**TASK DESCRIPTION**
Restate all the lines below word for word, but omit the pictures.

**AVAILABLE DATA**
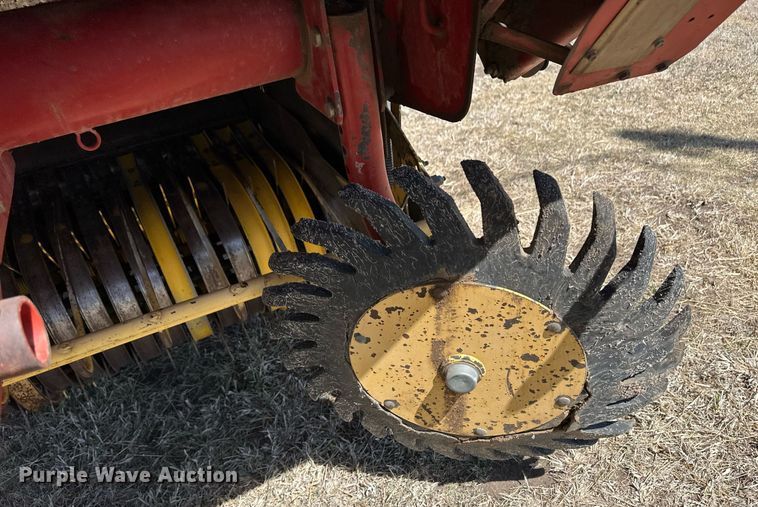 image for item EQ4572 New Holland BR780 round baler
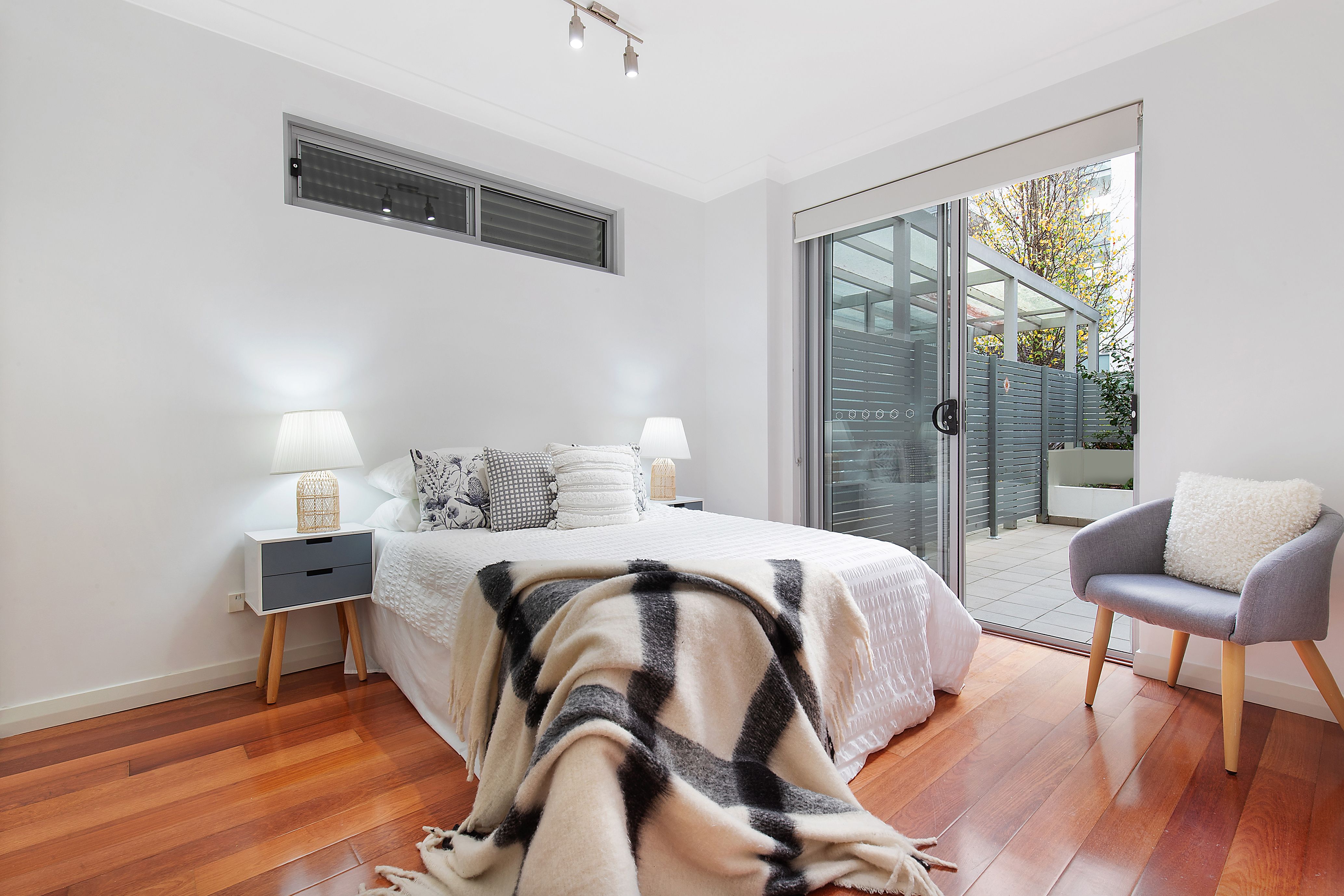 1/212-216 Mona Vale Road, St Ives, NSW 2075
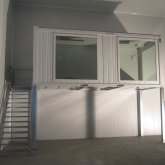 Bürocontainer mit Treppe (2)
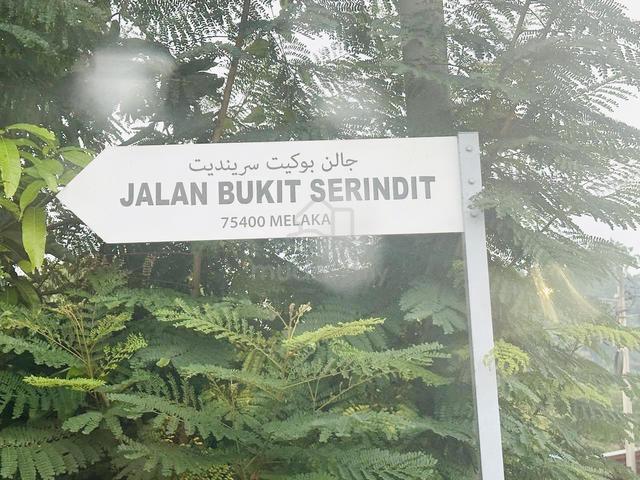 Tanah di kawasan bandar melaka dalam kawasan taman perumahan‼️ . 1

**RESPONSE FOR THIS EXERCISE**
 image for item EQ4572 New Holland BR780 round baler
 1/212-216 Mona Vale Road, St Ives, NSW 2075
 Bürocontainer mit Treppe (2)
 Tanah di kawasan bandar melaka dalam kawasan taman perumahan‼️ . 1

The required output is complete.